Robin Teigland is an Associate Professor at the Center for Strategy and Competitiveness at the Stockholm School of Economics (SSE) and a member of the PhD in International Management program faculty at the University of Agder in Norway, as well as the caretaker of SSE’s island in Second Life.
For the past 15 years, Robin has researched the creation and diffusion of knowledge in social networks and the impact on a firm’s competitive advantage. The focus of her current research is on investigating how social media and virtual worlds enable firms to create value outside the boundaries of the firm as well as what impact these media have on the firm as we know it today.
She has published numerous articles in international books and academic journals, and in 2008 she received the “Researcher of the Year” award at the Stockholm School of Economics. In addition, she is a reviewer for the US National Science Foundation as well as a globally sought after speaker. Robin really enjoys teaching students at the Stockholm School of Economics and lecturing for executives.
In March 2010, she started a pan-Nordic project financed by the Nordic Innovation Center investigating innovation and entrepreneurship in virtual worlds (www.nordicworlds.net). If anyone is interested in participating or learning more about this project, please contact her!

Edward Castronova: Professor of Telecommunications, Indiana University. Castronova is a founder of scholarly virtual world studies and an expert on the societies of large-scale online games. Among his academic publications on these topics are two books: Synthetic Worlds (University of Chicago Press, 2005) and Exodus to the Virtual World (Palgrave, 2007).

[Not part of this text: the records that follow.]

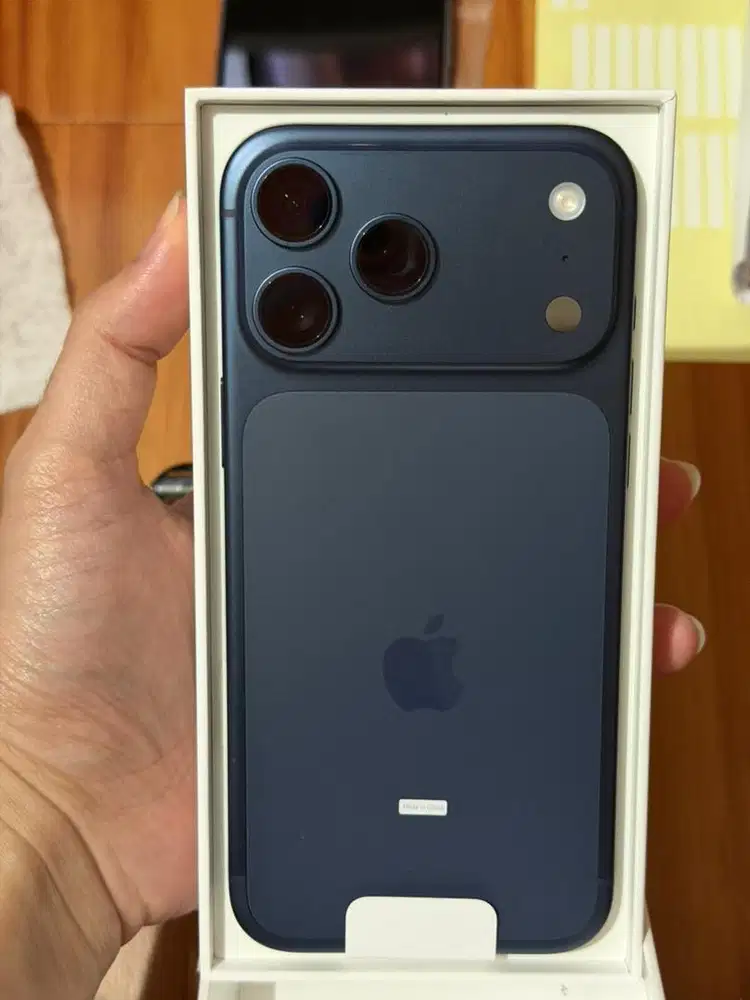 IPHONE 17 Pro Max 256Gb BNOB NON AKTIF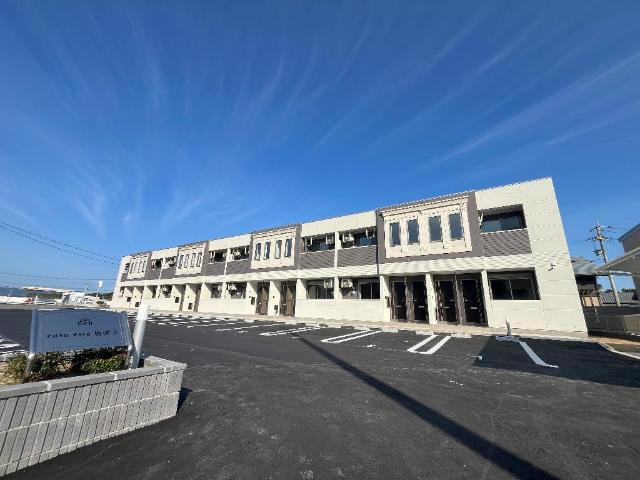 ｃａｓａ　ｅｓｔｅ唐津Ａの外観|外観写真（昼）
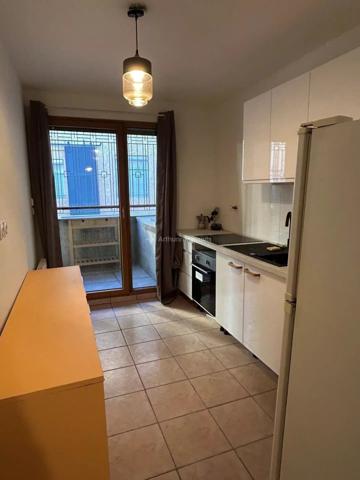 Location Appartement 2 pièces 54 m2 à Villeurbanne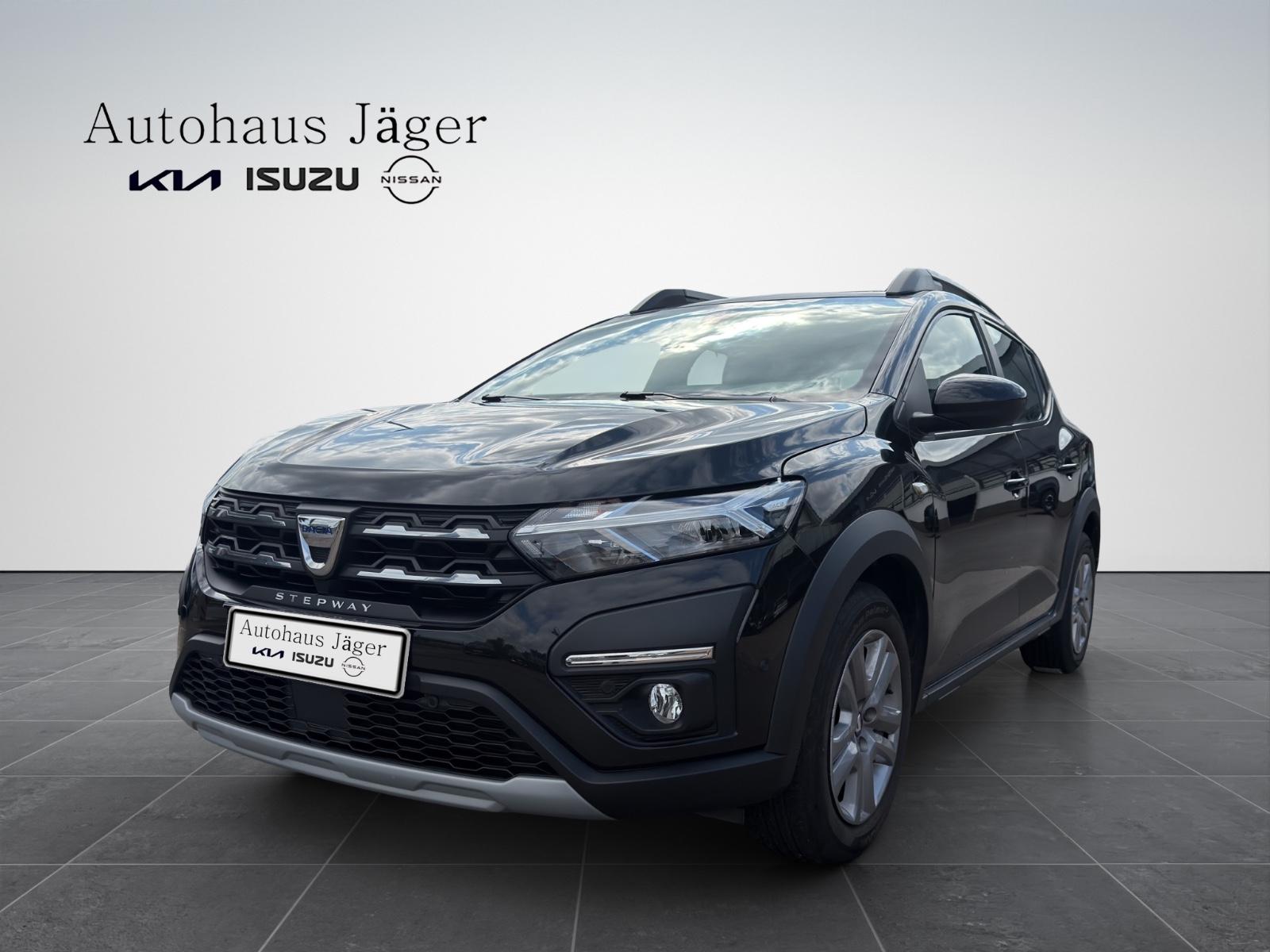Dacia Sandero III Stepway Comfort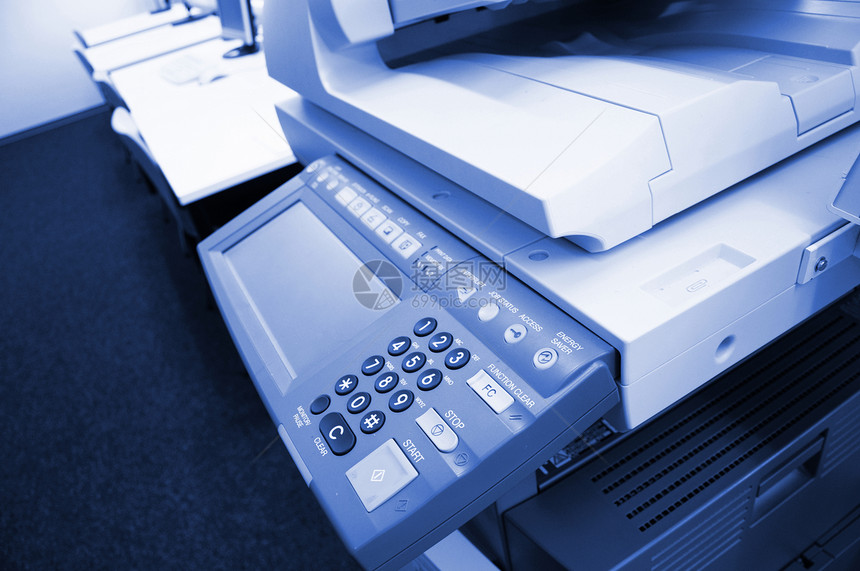 复印中心商业工作复印件喷射技术激光打印腰带传真控制板图片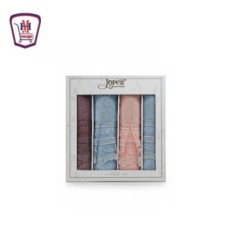 طقم فوط وتين 599- جوبير 4 قطع 60×120 سم من موسى | تسوّق أونلاين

Professor Castronova teaches graduate and undergraduate courses on the design of games, the virtual world industry, and the management of synthetic societies. He has created two virtual worlds: Arden, a small-scale example of a Shakespearean virtual world, and Greenland, a large-scale futuristic MMOG. Outside his academic work, Professor Castronova makes regular appearances in mainstream media (60 Minutes, the New York Times, and The Economist), gives keynotes at major conferences (Austin Game Conference, Digital Games Research Association Conference, Interactive Software Federation of Europe), and consults for business (McKinsey, Vivendi, Forrester).
In the longer run, Professor Castronova aims to develop virtual worlds for studying human society. That is, he is trying to design games that can serve as macro-scale Petri dishes.